Producers established a friendship between Diane and Jack Sugden (Clive Hornby) amidst his marriage breakdown and custody battle. Estensen said Diane initially visits Jack to offer moral support. She continued "They've been talking, she's enjoying his company, and then one evening, one thing leads to another and they spend the night together." Diane is disappointed to learn that Jack only thinks of their night together as a comfort during his marital problems. Estensen told an Inside Soap writer that Diane is attracted to Jack, but he wants to make sure that no one finds out what happened between them. As Diane "honourably" promises to keep their night to herself, Estensen said that it actually brings the pair closer together as friends. She also said that she was initially concerned when she learned of the storyline, as she thought that viewers would be put off by people of Jack and Diane's age kissing and having sex. But she found that the plot was "absolutely fine in the end" and Hornby was "terribly nice" during filming. The plot starts a three-year on/off romance between the characters, which culminates in their marriage in September 2004.

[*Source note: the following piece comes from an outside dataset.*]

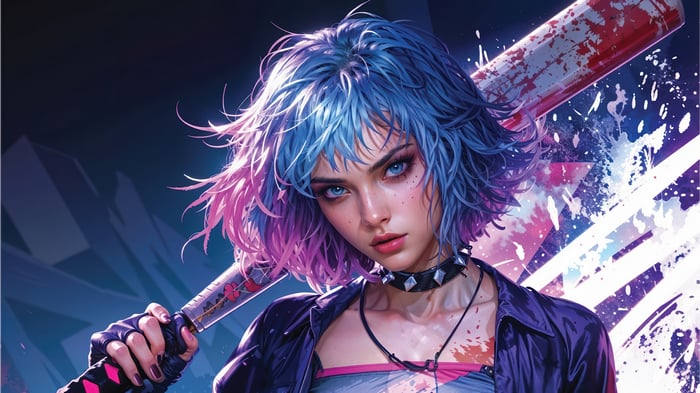 Anime Girl with Blue and Pink Hair Holding Baseball Bat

Estensen thought Jack and Diane made "a good team because they're such an unlikely couple, and with that, they kind of complement one another." She told Andy Baker of Inside Soap that Diane does not fit the stereotype of a farmer's wife, but Jack is "her rock" and is always there for her, unlike her former husband Rodney Blackstock (Patrick Mower). In the lead up to the wedding, Diane is secretly battling bowel cancer and Rodney confesses his love for her, leading to an argument with her sister Val Lambert (Charlie Hardwick). Discussing their dynamic, Estensen said "The history of the Diane/Val relationship is that Val has always been a thorn in the flesh of Diane – however, she does love her as she's her sister." The argument leads Val to admit that Rodney fathered her son Paul Lambert (Mathew Bose), meaning they had an affair while Diane and Rodney were married. Estensen called it "a massive shock" and told Baker that a lot of implications rush into her head. She branded the Blackstock family "completely incestuous", as Bernice is Paul's cousin and sister, and Rodney's daughter Nicola Blackstock (Nicola Wheeler) now has a half-brother.

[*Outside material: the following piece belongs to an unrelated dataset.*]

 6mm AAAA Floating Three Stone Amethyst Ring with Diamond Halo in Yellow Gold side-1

Shortly before the ceremony, Diane has a talk with her future step-daughter Victoria Sugden (Hannah Midgley) about Paul and her cancer diagnosis, which brings them closer together. Diane then marries Jack in front of their family and friends. During the ceremony, Victoria reveals Diane's cancer diagnosis to the congregation, and Estensen said Diane is "shocked and thrilled, it doesn't seem a problem. It's just very emotional." The wedding episode was filmed during a spell of bad weather, so most of the outdoor scenes were cancelled and the cast had to shoot additional interior scenes. Estensen hoped that Jack and Diane would stay faithful, as Diane had been messed around by men all her life. She stated that Diane had finally found someone who she really cares about and she did not want to think that either of them would have an affair within weeks of the wedding. She added "It took so long to get here that it would be wrong to throw it away."

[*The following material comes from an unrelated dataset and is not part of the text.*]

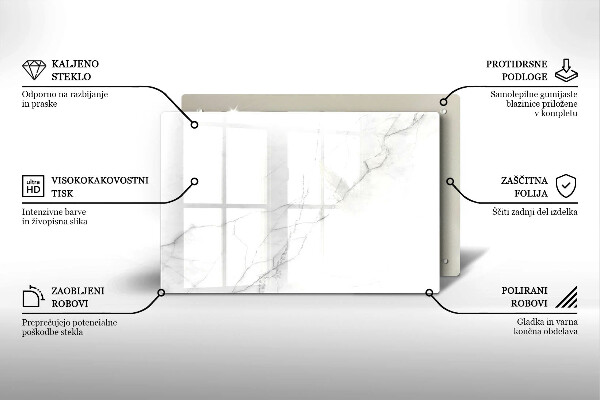 Piastra in vetro per candele tombali con motivo in marmo a sfondo pietra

On 17 September 2021, it was announced that Estensen had made the decision to take a break from acting. It was confirmed that she had already filmed her final scenes as Diane prior to the announcement. Speaking on her decision to take a break and depart from the role, she commented: "For the past 22 years I have loved playing Diane Sugden. She's kind, reliable and fiercely loyal. However, I now feel the time has come to say goodbye. Emmerdale will always remain special to me. I've been treated with respect and kindness and I've had the very best friends and colleagues, both past and present. I’ll miss everyone dearly." However, under a year later, it was announced that Estensen would reprise her role as Diane for a guest stint in October 2022, as part of Emmerdales 50th anniversary celebrations.